País: Estados Unidos
Dirección: Peter Bogdanovich
Guion: Peter Bogdanovich
Música: Ronald Stein
Fotografía: László Kovács
Reparto: Boris Karloff, Tim O'Kelly, Nancy Hsueh, Peter Bogdanovich,
James Brown, Tanya Morgan, Mary Jackson, Arthur Peterson, Monte Landis
Año: 1971
Duración: 118 min.
País: Estados Unidos
Dirección: Peter Bogdanovich
Guion: Peter Bogdanovich, Larry McMurtry. Novela: Larry McMurtry
Música: Phil Harris, Johnny Standley, Hank Thompson
Fotografía: Robert Surtees (B&W)
Reparto: Timothy Bottoms, Jeff Bridges, Cybill
Shepherd, Ben Johnson, Cloris Leachman, Ellen Burstyn, Randy Quaid, Sharon
Taggart, John Hillerman, Clu Gulager.
Título original: She's Funny that Way
Año: 2014
Duración: 93 min.
País: Estados Unidos
Dirección: Peter Bogdanovich
Guion: Peter Bogdanovich, Louise Stratten
Música: Ed Shearmur
Fotografía: Yaron Orbach
Reparto: Owen Wilson, Imogen
Poots, Jennifer Aniston, Will Forte, Cybill Shepherd, Rhys Ifans, Lucy Punch,
Tatum O'Neal, George Morfogen, Debi Mazar, Jake Hoffman, Joanna Lumley, Kathryn
Hahn, Michael Shannon, Ahna O'Reilly, Austin Pendleton, Richard Lewis, Quentin
Tarantino.
Tres obras
fundamentales en la filmografía de un director enamorado de un oficio que
dominó como pocos y en el que erró como muchos: Descanse en paz y revisemos, a
modo de homenaje, una obra que se deja ver con renovado interés.
Cuando muere un director se le impone
al crítico de cine la grata (¡o ingrata!) tarea de revisar la filmografía del
mismo, a la búsqueda de aquellas obras que le garantizan su permanencia en la
memoria de los espectadores o su lugar en la reñida nómina de los clásicos del
Séptimo Arte.
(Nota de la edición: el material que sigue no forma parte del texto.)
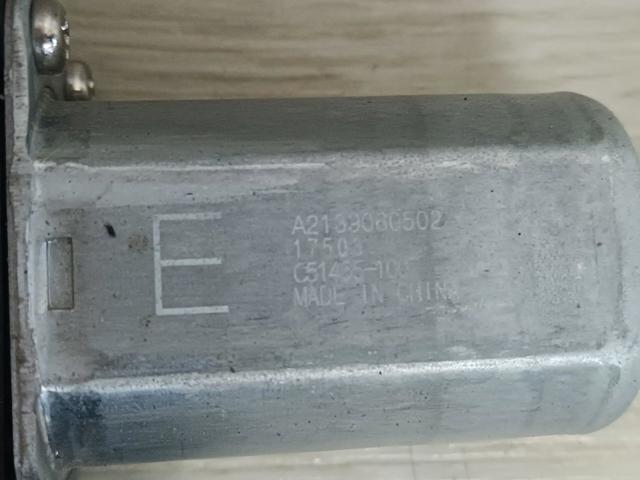 Мотор склопідйомника дверей задніх, лівих A2139060502 MERCEDES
Acaba de fallecer Peter Bogdanovich y me parecía que el mejor
homenaje que se le podía tributar era la revisión de esa joya que filmó en 1971,
La última película, y que, en nuestra juventud, nos dejó literalmente
boquiabiertos. Filmin me ha permitido ver, además, una obra suya que tenía
absolutamente olvidada, Targets, me niego a usar el ridículo título
español «El héroe anda suelto» y una de sus obras más recientes, She’s Funny
That Way, cuyo título español, «Lío en Broadway», también me niego a usar.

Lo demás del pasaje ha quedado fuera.